Only the pictures are to be left out; set down the rest of the records exactly.

--- DATA LISTING Enclosed Below ---

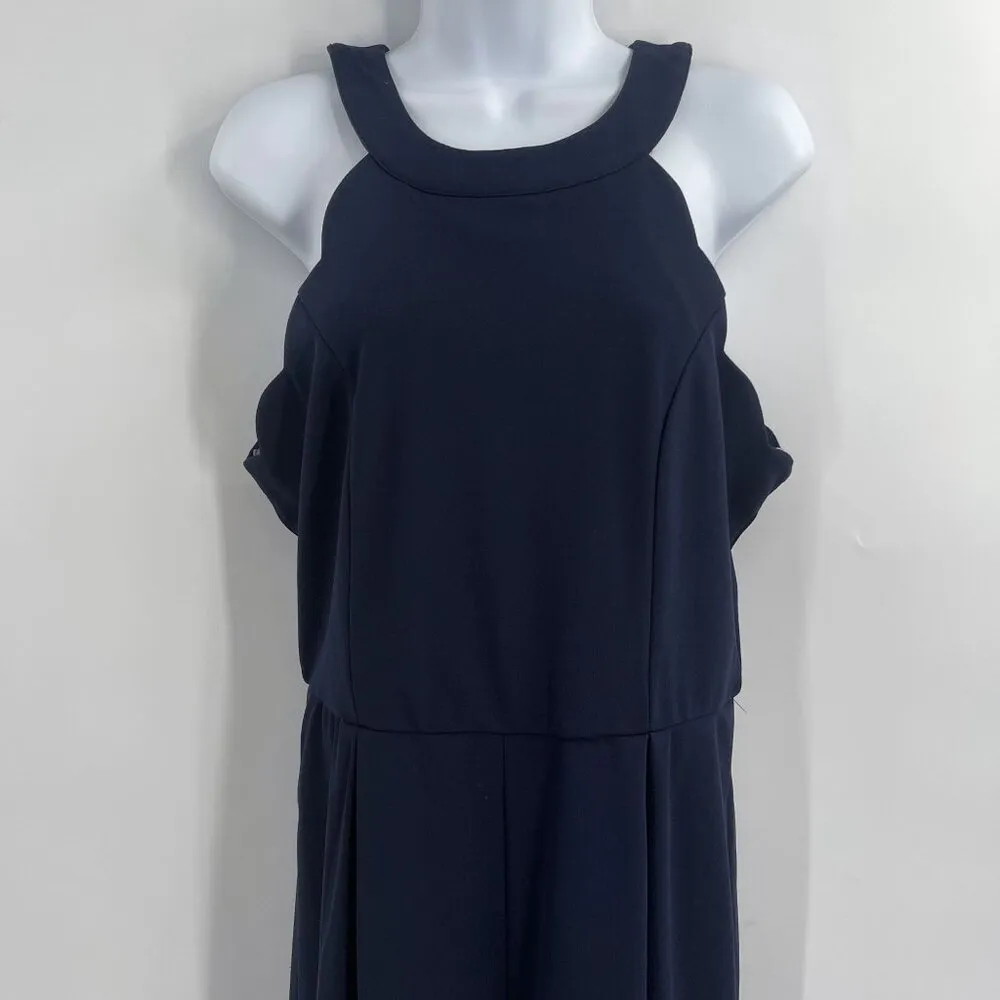 Scalloped Halter Neck Wide Leg Sleeveless Jumpsuit Romper Trixxi Navy Blue XL - Image 7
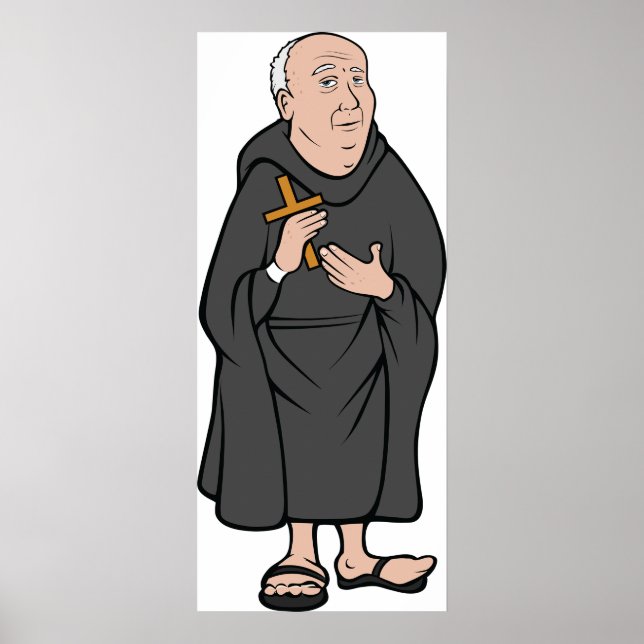 Poster Monk Segurando Cruz em Robe Religioso Medieval (Frente)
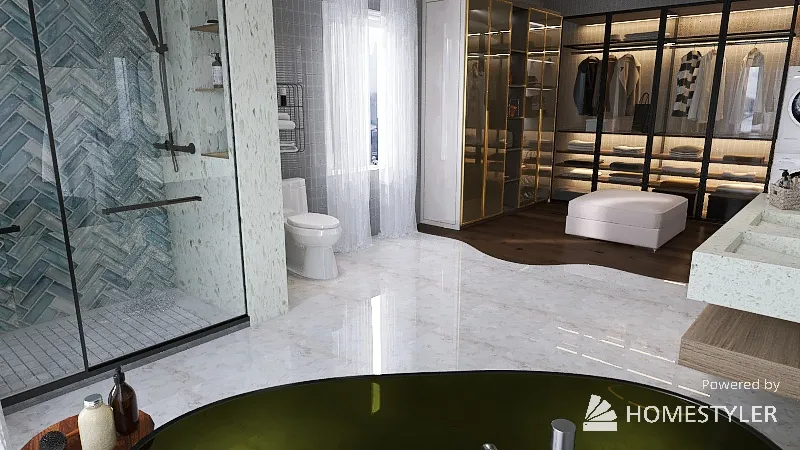 Master Bathroom/Closet 3d design renderings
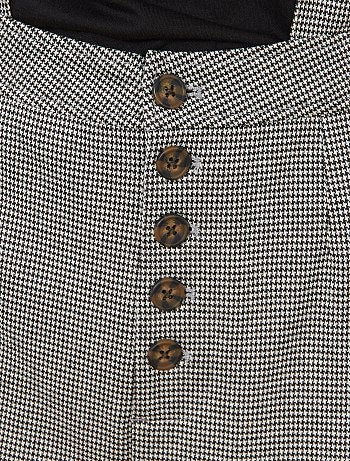 Mulher do 34 até 48 - Calças largas com suspensórios 'Príncipe de Gales' - Kiabi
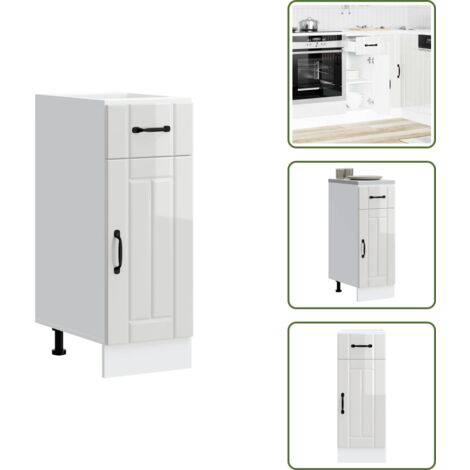 The Living Store Base da Cucina Lucca Bianco Lucido in Legno Multistrato - Base da cucina
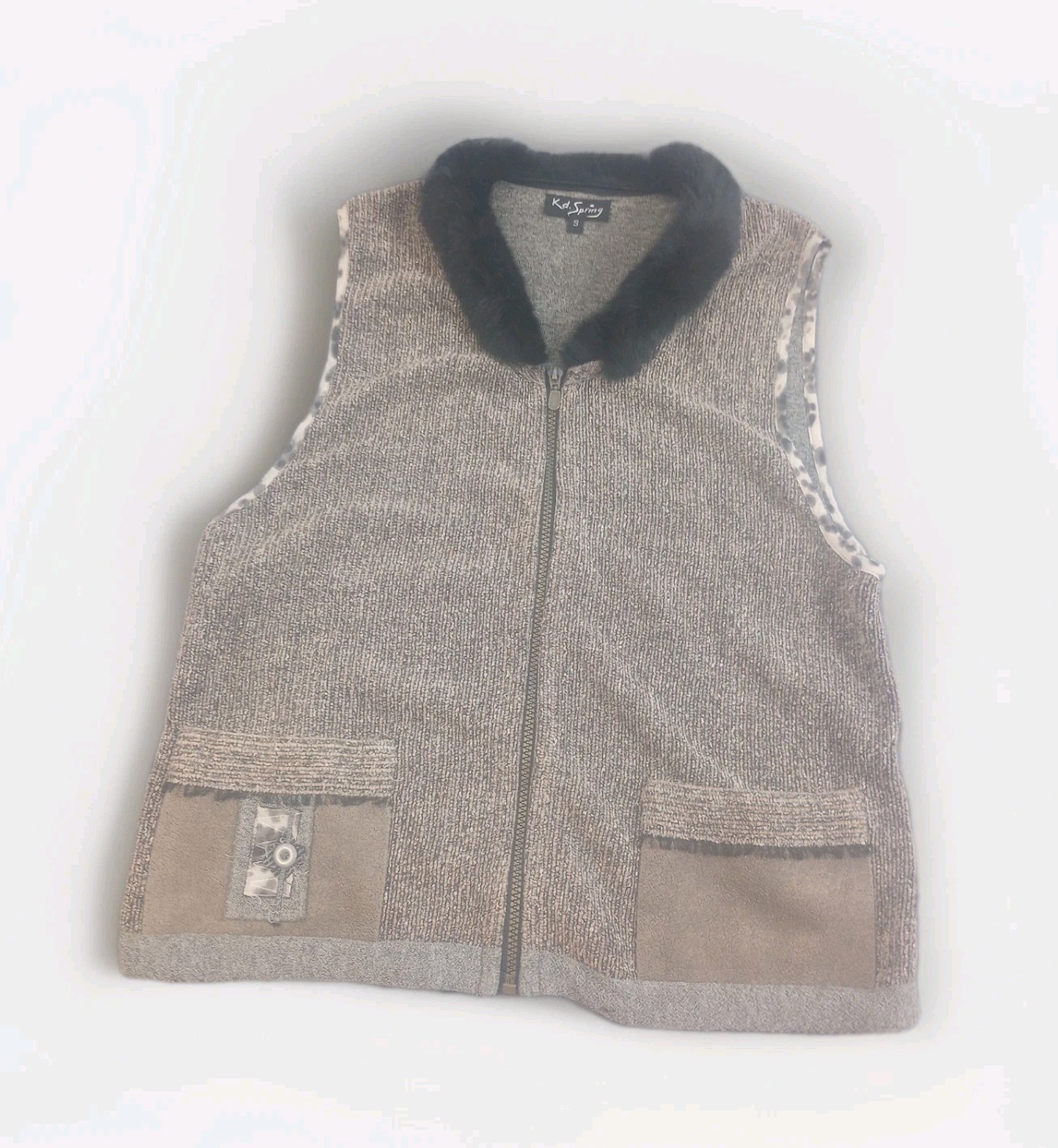 K.D. Spring Womens Zip Sweater Vest Sz Small beige Rabbit Fur Collar Raven Y2K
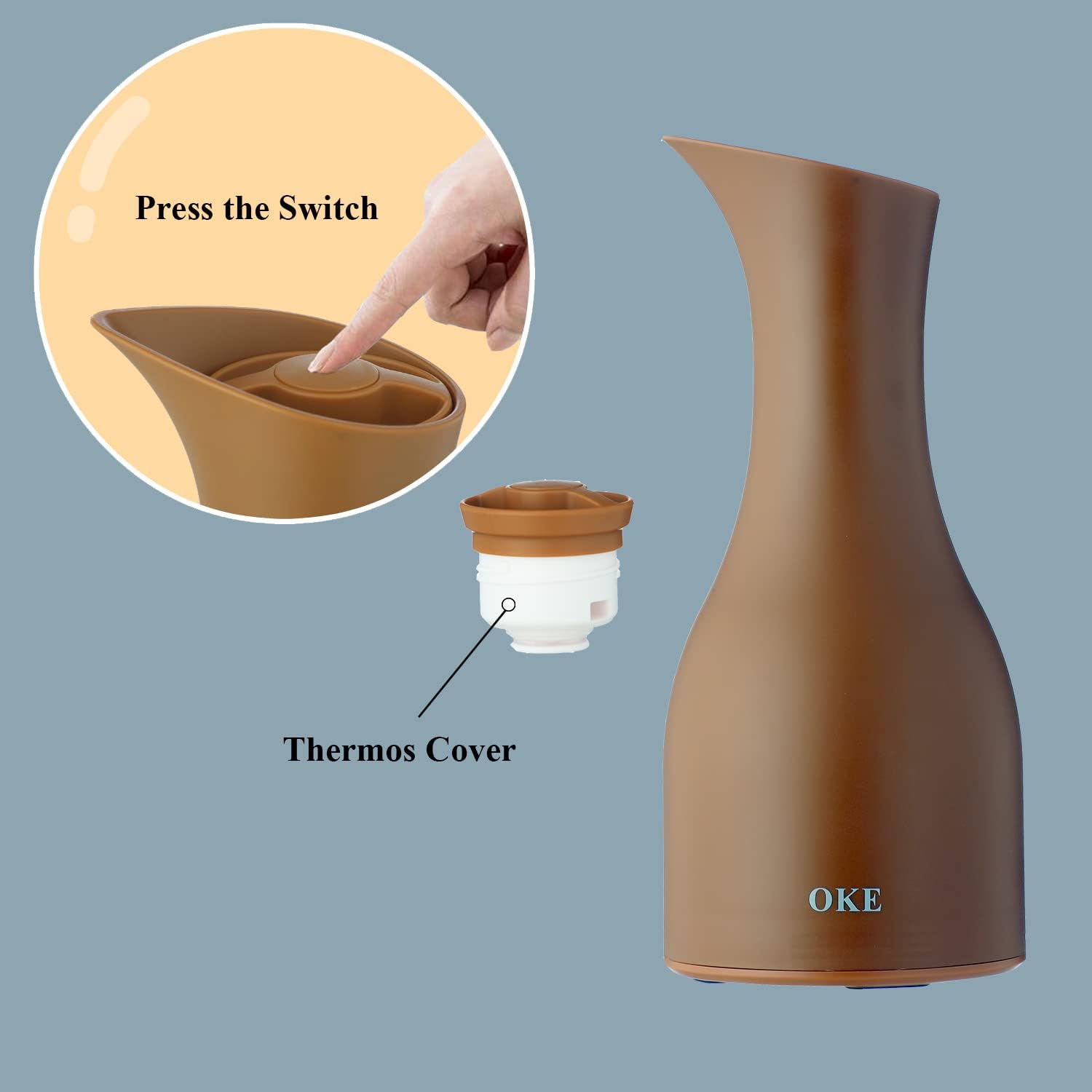 Glass Lined Thermal Coffee Carafe 23OZ, Vacuum Insulated Double Wall Coffee Thermos, Tea Thermos with Leak-Free Lid, Camel, 700 ML Pack of 2 J763206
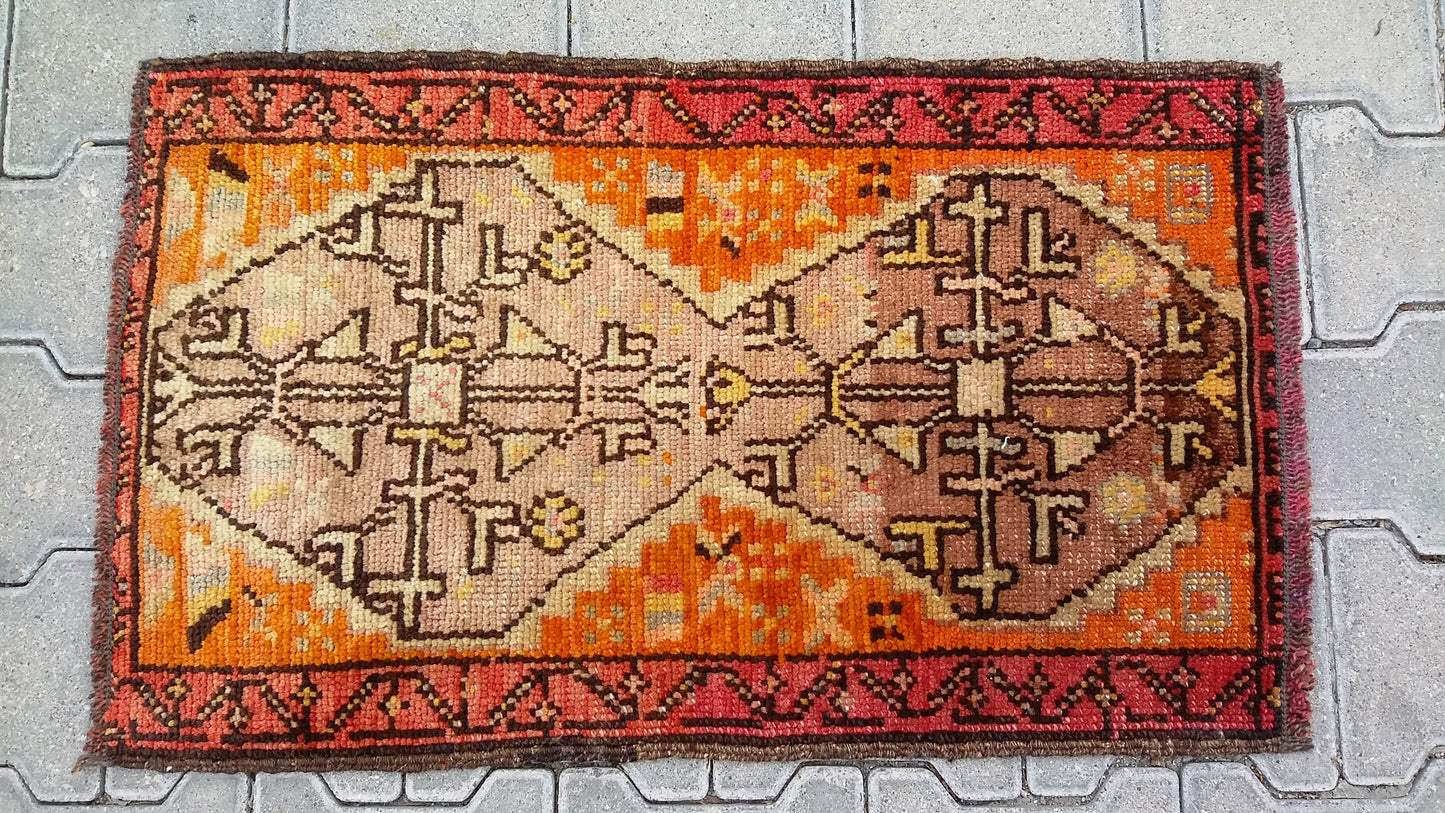 Collectable Orange Color East Anatolian Small Rug Carpet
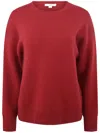 Vince Structured Wool And Cashmere Crewneck Sweatshirt In Red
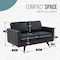 Leisuremod Chester Modern Leather Loveseat with Birch Wood Base, Black CS58BL-L - alternate 4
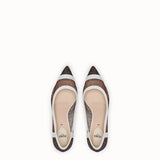 WOMEN'S FENDI Mesh and white leather pumps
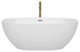 Juno Freestanding Bathtub, Polished Chrome Trim, 63", Faucet in Brushed Gold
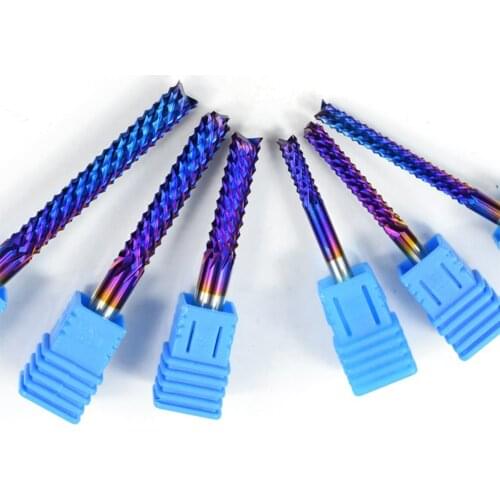 1pc 6mm Shank Tungsten Carbide End Mill Blue Nano Coated End Mill For PCB Engraving Machine End Mill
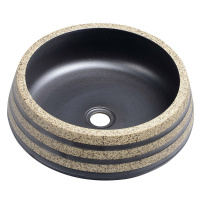 PRIORI keramické umyvadlo, průměr 41cm, 15cm, černá/kámen PI021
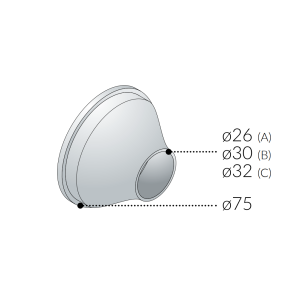 Rosone per sifone ottone cromato bombato ø75 int ø30  115.324.5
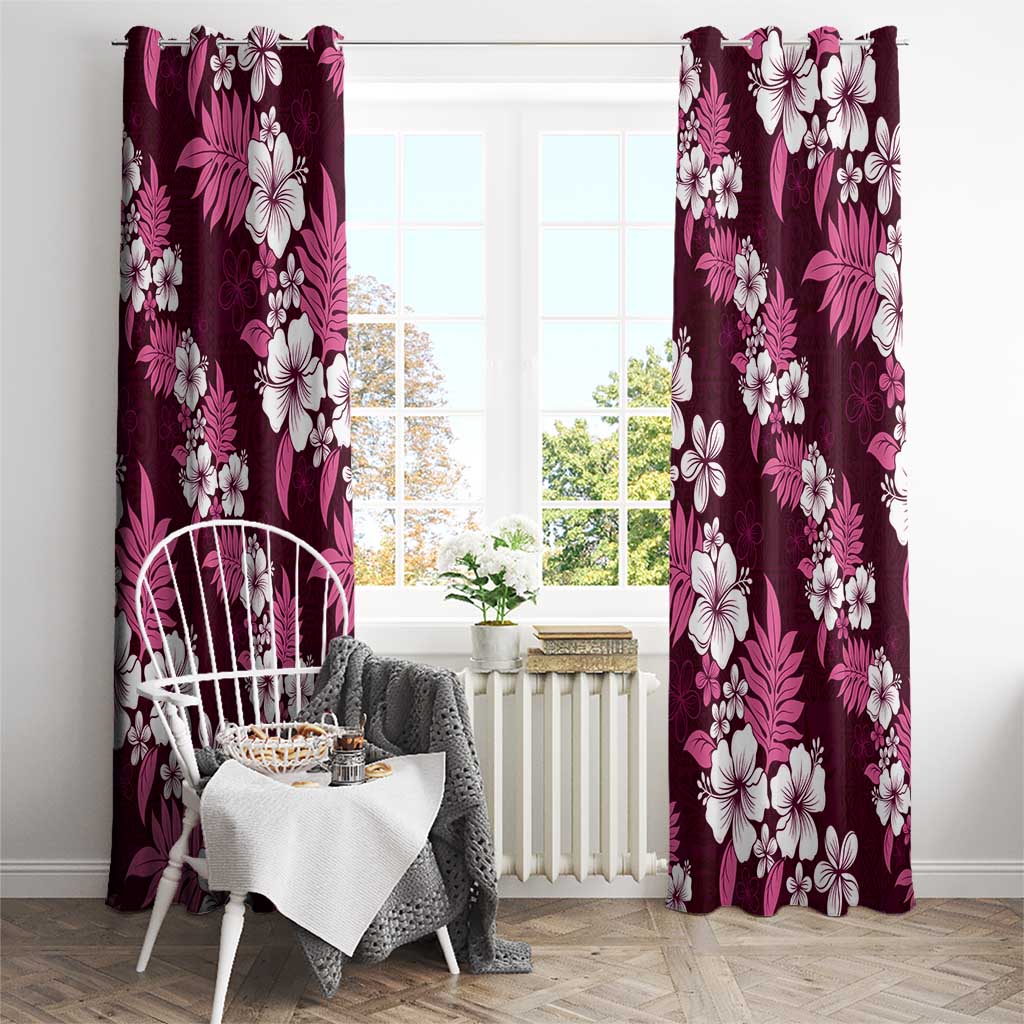 Hawaiian Hibiscus Tribal Floral Pink Window Curtain Polynesian Tapa Pattern - Polynesian Pride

--- End of Enclosed DATA LISTING ---

**SOLUTION FOR THIS EXERCISE:**
 Scalloped Halter Neck Wide Leg Sleeveless Jumpsuit Romper Trixxi Navy Blue XL - Image 7
 Poster Monk Segurando Cruz em Robe Religioso Medieval (Frente)
 Master Bathroom/Closet 3d design renderings
 Mulher do 34 até 48 - Calças largas com suspensórios 'Príncipe de Gales' - Kiabi
 The Living Store Base da Cucina Lucca Bianco Lucido in Legno Multistrato - Base da cucina
 K.D. Spring Womens Zip Sweater Vest Sz Small beige Rabbit Fur Collar Raven Y2K
 Glass Lined Thermal Coffee Carafe 23OZ, Vacuum Insulated Double Wall Coffee Thermos, Tea Thermos with Leak-Free Lid, Camel, 700 ML Pack of 2 J763206
 Collectable Orange Color East Anatolian Small Rug Carpet
 Vince Structured Wool And Cashmere Crewneck Sweatshirt In Red
 Leisuremod Chester Modern Leather Loveseat with Birch Wood Base, Black CS58BL-L - alternate 4
 WOMEN'S FENDI Mesh and white leather pumps
 Juno Freestanding Bathtub, Polished Chrome Trim, 63", Faucet in Brushed Gold
 1pc 6mm Shank Tungsten Carbide End Mill Blue Nano Coated End Mill For PCB Engraving Machine End Mill
 PRIORI keramické umyvadlo, průměr 41cm, 15cm, černá/kámen PI021
 Rosone per sifone ottone cromato bombato ø75 int ø30  115.324.5
 Hawaiian Hibiscus Tribal Floral Pink Window Curtain Polynesian Tapa Pattern - Polynesian Pride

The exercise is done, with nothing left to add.